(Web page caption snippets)
════════

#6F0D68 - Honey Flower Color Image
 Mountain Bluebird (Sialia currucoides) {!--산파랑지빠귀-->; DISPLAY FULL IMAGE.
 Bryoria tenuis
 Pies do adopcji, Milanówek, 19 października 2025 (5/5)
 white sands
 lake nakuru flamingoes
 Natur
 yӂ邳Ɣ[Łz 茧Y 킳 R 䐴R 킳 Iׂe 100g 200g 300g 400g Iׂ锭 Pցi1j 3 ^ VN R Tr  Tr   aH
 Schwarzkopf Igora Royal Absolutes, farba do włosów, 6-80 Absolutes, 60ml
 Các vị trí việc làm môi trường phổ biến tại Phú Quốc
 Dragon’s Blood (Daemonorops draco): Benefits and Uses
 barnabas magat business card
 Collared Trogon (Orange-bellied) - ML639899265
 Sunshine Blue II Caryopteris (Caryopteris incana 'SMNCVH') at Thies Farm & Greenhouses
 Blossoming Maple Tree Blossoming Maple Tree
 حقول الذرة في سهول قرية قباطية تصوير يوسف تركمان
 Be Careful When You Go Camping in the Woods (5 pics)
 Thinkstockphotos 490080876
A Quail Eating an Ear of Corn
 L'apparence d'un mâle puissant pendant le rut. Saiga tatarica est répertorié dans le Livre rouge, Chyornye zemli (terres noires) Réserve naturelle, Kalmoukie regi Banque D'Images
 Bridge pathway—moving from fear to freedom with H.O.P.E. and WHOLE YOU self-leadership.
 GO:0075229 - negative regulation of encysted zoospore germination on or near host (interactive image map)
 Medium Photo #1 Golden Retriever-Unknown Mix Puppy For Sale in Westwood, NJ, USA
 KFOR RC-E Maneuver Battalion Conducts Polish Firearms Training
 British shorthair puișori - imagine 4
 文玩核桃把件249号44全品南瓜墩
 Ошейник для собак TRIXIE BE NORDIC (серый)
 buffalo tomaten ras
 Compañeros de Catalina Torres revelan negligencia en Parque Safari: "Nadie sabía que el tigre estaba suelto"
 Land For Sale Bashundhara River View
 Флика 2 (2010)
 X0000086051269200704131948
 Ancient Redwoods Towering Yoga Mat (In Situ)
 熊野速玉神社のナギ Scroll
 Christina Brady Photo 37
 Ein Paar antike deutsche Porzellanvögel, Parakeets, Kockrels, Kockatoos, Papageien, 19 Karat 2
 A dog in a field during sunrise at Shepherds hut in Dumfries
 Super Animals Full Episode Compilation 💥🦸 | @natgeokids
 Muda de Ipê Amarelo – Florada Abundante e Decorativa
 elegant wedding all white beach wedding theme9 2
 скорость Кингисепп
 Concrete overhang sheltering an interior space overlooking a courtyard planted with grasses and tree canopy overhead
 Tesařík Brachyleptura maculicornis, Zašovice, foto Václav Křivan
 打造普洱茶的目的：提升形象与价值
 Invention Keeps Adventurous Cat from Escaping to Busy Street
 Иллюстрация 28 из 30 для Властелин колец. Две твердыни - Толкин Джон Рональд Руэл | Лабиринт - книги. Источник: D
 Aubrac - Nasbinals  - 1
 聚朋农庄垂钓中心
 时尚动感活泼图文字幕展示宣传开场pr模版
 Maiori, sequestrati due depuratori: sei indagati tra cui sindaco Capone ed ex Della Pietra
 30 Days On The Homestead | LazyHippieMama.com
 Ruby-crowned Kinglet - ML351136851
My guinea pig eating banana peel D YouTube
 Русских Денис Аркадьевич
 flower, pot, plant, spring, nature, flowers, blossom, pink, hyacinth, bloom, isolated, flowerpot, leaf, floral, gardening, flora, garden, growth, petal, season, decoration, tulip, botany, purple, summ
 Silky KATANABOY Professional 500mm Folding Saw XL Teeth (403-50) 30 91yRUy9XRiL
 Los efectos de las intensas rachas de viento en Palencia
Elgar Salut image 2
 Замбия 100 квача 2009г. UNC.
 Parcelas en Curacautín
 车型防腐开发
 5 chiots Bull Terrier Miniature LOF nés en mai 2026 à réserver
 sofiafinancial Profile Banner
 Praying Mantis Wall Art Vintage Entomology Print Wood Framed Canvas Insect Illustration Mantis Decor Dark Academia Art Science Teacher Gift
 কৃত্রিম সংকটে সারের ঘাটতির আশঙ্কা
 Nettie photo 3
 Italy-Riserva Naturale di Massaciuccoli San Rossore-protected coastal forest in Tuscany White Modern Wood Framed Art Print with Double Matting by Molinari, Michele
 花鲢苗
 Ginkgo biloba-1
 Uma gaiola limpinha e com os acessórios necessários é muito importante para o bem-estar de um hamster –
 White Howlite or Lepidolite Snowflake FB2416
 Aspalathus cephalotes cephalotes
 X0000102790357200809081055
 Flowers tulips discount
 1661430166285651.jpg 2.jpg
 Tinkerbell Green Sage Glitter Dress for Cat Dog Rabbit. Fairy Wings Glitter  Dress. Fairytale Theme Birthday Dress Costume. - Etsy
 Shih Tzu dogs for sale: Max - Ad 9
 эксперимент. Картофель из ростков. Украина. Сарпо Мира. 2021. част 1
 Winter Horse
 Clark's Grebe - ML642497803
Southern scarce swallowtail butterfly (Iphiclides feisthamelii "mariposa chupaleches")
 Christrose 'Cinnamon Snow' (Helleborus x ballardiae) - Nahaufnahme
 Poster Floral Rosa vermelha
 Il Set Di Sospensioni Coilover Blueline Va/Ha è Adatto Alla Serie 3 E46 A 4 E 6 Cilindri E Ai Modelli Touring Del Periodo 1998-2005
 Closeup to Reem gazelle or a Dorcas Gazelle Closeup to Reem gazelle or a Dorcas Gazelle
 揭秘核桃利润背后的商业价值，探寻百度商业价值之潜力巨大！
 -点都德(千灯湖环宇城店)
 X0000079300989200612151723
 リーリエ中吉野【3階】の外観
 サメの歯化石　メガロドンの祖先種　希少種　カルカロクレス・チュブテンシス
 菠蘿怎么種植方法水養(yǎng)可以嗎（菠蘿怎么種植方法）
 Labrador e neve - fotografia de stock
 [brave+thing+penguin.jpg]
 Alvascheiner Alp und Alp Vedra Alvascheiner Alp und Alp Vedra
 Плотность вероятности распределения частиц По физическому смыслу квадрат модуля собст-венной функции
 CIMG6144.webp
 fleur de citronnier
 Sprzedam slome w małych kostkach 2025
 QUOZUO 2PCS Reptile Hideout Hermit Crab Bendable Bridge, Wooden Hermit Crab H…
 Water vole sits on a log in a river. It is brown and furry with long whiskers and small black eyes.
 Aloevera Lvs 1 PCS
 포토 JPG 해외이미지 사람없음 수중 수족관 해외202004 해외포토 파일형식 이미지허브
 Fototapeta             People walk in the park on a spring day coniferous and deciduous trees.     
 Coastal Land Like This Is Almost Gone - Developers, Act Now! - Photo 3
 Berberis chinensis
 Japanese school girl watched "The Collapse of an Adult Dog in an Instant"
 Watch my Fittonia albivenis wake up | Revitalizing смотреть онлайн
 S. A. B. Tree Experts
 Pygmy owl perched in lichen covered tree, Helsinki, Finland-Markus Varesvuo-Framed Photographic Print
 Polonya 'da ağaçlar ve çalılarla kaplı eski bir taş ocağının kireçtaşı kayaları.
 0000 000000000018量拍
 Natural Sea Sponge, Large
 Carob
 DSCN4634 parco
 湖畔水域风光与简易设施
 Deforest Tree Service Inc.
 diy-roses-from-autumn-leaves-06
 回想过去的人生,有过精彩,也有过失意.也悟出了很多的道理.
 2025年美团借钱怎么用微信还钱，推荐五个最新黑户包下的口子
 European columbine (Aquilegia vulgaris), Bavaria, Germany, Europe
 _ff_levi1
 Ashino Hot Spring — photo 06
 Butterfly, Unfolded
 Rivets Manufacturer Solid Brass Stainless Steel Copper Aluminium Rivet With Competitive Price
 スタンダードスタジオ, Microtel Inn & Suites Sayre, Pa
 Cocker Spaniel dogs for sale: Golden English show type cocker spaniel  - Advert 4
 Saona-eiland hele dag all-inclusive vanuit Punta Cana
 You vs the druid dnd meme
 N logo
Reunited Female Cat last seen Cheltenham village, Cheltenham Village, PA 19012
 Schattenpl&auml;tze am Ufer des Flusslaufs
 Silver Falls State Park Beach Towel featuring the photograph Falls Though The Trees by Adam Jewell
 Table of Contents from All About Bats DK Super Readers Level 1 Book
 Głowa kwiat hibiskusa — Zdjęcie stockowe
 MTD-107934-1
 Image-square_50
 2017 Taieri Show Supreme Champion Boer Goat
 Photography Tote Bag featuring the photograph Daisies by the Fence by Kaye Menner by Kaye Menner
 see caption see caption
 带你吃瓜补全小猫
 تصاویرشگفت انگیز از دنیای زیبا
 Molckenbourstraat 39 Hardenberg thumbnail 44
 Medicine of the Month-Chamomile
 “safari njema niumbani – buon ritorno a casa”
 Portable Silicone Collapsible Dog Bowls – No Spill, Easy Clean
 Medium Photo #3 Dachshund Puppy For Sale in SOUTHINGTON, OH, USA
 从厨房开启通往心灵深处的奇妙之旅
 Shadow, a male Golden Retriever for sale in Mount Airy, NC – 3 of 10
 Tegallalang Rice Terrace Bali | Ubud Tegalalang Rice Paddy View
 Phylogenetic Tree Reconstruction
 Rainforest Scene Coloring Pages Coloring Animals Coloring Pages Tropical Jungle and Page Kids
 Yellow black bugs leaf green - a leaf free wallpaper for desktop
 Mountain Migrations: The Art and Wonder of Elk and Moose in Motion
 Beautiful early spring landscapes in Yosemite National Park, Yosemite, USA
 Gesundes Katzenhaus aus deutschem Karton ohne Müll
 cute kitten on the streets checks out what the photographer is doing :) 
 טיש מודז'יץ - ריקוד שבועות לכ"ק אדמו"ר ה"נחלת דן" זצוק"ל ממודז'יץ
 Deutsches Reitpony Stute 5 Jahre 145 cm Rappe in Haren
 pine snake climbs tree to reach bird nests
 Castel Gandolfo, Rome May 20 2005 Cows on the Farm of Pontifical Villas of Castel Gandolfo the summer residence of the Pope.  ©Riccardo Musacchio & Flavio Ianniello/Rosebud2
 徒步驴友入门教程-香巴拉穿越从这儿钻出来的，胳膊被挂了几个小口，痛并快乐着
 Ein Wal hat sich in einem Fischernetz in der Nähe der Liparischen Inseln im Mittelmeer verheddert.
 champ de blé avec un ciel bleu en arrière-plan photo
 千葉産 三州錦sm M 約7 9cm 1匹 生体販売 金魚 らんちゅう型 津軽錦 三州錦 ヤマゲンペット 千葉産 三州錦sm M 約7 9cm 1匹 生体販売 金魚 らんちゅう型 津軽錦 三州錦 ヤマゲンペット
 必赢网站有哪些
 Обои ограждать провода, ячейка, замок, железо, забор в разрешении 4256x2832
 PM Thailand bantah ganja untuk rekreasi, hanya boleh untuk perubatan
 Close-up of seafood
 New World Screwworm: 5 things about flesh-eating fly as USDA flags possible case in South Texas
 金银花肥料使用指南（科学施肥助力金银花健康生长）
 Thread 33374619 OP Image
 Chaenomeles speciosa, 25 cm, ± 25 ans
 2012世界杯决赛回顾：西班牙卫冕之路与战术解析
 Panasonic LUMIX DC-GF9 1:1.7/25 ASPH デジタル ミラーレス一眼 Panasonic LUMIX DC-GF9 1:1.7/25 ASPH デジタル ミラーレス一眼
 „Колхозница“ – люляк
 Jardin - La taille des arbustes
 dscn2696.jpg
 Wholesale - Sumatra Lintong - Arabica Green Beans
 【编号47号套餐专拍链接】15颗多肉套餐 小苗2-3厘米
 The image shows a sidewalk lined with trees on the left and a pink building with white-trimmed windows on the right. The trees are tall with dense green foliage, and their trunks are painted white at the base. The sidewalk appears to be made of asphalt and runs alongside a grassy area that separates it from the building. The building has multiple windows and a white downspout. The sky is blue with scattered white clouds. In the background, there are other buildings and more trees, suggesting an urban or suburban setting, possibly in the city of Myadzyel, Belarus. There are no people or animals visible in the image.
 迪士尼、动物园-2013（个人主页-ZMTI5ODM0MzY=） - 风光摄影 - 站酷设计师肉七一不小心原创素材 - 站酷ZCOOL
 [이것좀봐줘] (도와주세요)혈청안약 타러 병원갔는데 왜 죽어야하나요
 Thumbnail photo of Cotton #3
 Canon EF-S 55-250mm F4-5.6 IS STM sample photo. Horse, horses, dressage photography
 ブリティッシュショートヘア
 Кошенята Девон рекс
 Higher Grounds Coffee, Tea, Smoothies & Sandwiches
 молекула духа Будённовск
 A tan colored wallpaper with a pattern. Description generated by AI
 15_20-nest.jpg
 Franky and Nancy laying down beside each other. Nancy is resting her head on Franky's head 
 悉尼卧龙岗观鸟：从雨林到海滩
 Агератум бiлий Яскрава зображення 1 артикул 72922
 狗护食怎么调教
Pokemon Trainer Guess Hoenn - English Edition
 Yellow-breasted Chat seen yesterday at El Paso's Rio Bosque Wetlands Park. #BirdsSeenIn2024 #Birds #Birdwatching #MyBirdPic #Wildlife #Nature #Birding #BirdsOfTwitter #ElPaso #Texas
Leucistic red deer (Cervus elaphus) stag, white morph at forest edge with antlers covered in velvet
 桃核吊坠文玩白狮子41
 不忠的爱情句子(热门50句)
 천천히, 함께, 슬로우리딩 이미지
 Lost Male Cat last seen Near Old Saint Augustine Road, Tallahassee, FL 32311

════════

> [REQUIREMENT]
Using the records above, restate word for word the lines from the one with "Агератум бiлий Яскрава" through the one with "Yellow-breasted Chat seen", both included.

> [TASK RESULT]
 Агератум бiлий Яскрава зображення 1 артикул 72922
 狗护食怎么调教
Pokemon Trainer Guess Hoenn - English Edition
 Yellow-breasted Chat seen yesterday at El Paso's Rio Bosque Wetlands Park. #BirdsSeenIn2024 #Birds #Birdwatching #MyBirdPic #Wildlife #Nature #Birding #BirdsOfTwitter #ElPaso #Texas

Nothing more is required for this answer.